■ TASK TO COMPLETE
Below is a listing; repeat exactly the lines from the one containing "Lovely Large Orange" to the one containing "Jument trait belge de 3 ans", both included.

■ DATA FOR PROCESSING
-- Opening Marker --

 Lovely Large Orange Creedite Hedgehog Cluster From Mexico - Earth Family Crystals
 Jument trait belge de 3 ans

-- Closing Marker --
-- Opening Marker --

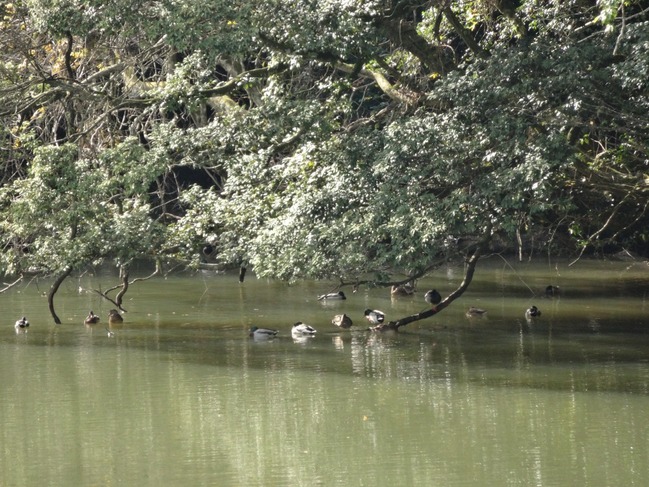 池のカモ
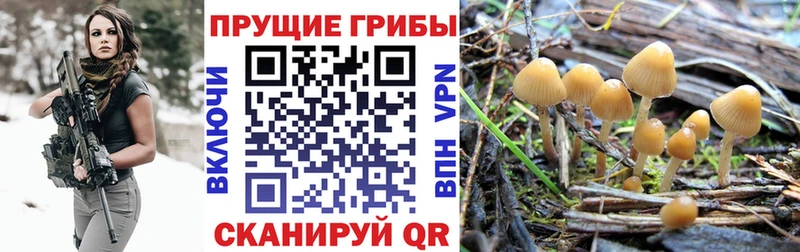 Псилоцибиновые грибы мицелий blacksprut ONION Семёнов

-- Closing Marker --
-- Opening Marker --

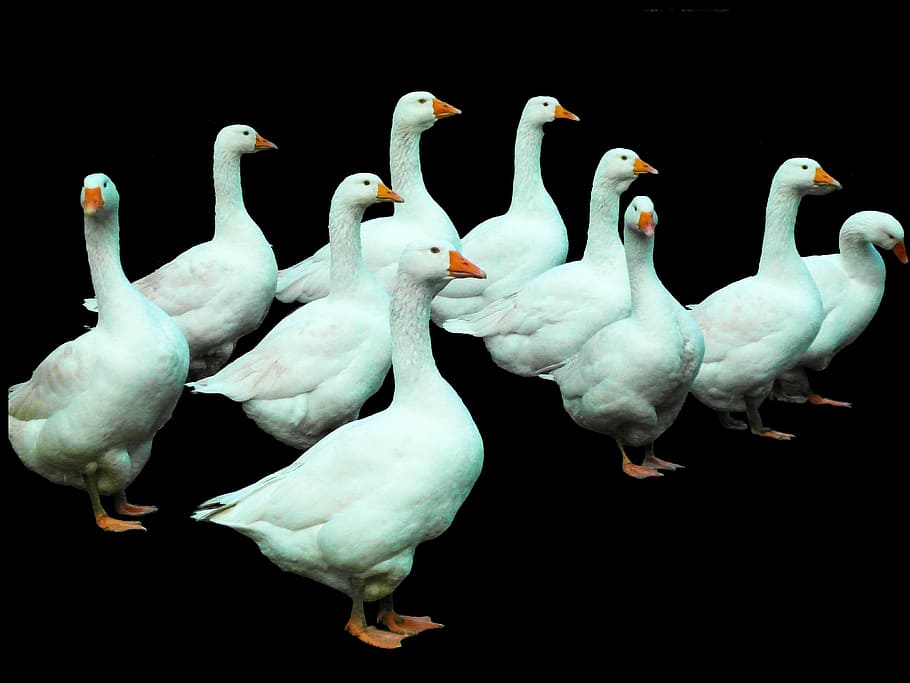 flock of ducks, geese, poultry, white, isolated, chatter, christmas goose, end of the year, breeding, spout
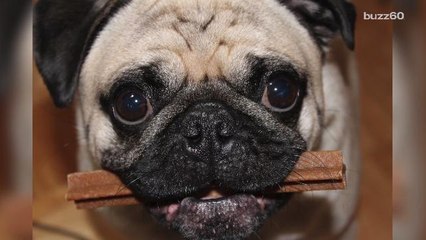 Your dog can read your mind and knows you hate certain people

-- Closing Marker --

■ RESULT FOR THIS TASK
 Lovely Large Orange Creedite Hedgehog Cluster From Mexico - Earth Family Crystals
 Jument trait belge de 3 ans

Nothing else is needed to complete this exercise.